# The building lifecycle

## What is a Remède database generation

When you generate a new fresh Remède database, you build an **Sqlite database** which includes **all the dictionary's words**, and their metadata, stored in a JSON format, specified as the Remède document format.

## Generate the database step by step

Learn how to generate Remède database by yourself.

Generation used to require to execute a lot of python scripts. But now, only two steps are required to generate a database.

1. `pre_generate_ressources.py` generate multiple useful resources (`mots.txt` and `ipa.json`, from `IPA.txt`); see [Dataset](https://docs.remede.camarm.fr/docs/database/dataset)
2. `generate.py` generate the **Sqlite database** which contains all the [Remède documents](https://docs.remede.camarm.fr/docs/database/schema) for each letter of the alphabet (see [generate.py](#generate.py))

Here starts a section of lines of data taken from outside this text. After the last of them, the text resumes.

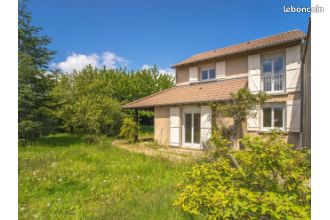 Maison 4 pièces 81 m² · à Mesvres · 81 m² · 636 €/mois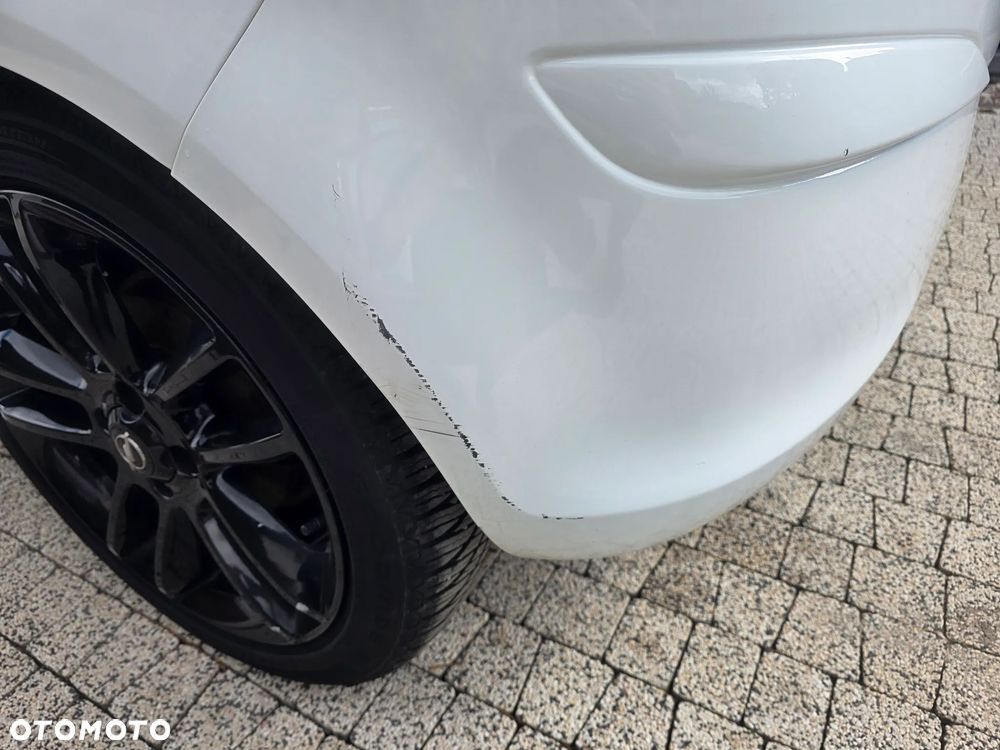 Opel Corsa 1.2 16V Sport - 6
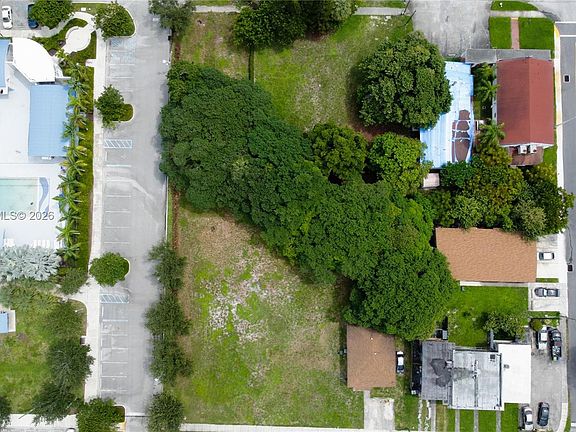 5th image of 708 NW 2nd Ave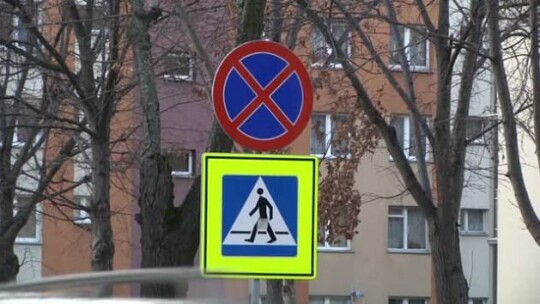 By pieszy był bardziej widoczny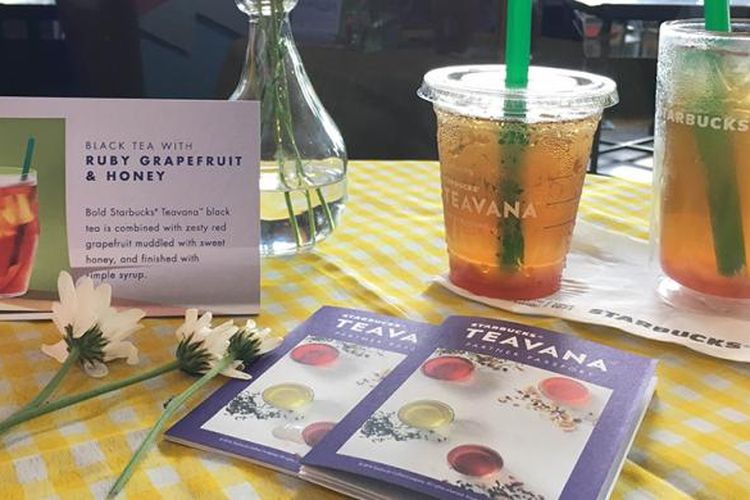 Starbucks Teavana Handcrafted Beverages terdiri dari tiga jenis minuman yakni Black Tea with Ruby Grapefruit and Honey, Iced Shaken Green Tea with Aloe and Pickly Pear, dan Iced Shaken Hibiscus Tea with Pomegranate Pearls.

{% hint style="warning" %}
All the scripts are stored in `scripts` folder and must be executed from **project root**.
{% endhint %}

## generate.py

A script to iterate words and build their Remède document.

**How it works ?**

1. It iterates over 1 000 000 words (from `data/mots.txt`)
2. For each word, it retrieves its definition using [`api-definition`](/database/build-dictionary/about.md#api-definition) and more information with extern services...
3. It generates its [Remède document](https://docs.remede.camarm.fr/docs/database/schema)
4. It inserts into the Sqlite database: the word, its sanitized form, its phoneme, its `JSON` format (and more metadata required for powerful and advanced features)
   * Metadata like if the last phoneme is `feminine`, the number of `syllables` or if the word can have an `elide` are taken from [Open Lexicon](http://www.lexique.org/?page_id=91) database ([Drime](https://a3nm.net/git/drime/files.html) project) or calculated with less precision by us...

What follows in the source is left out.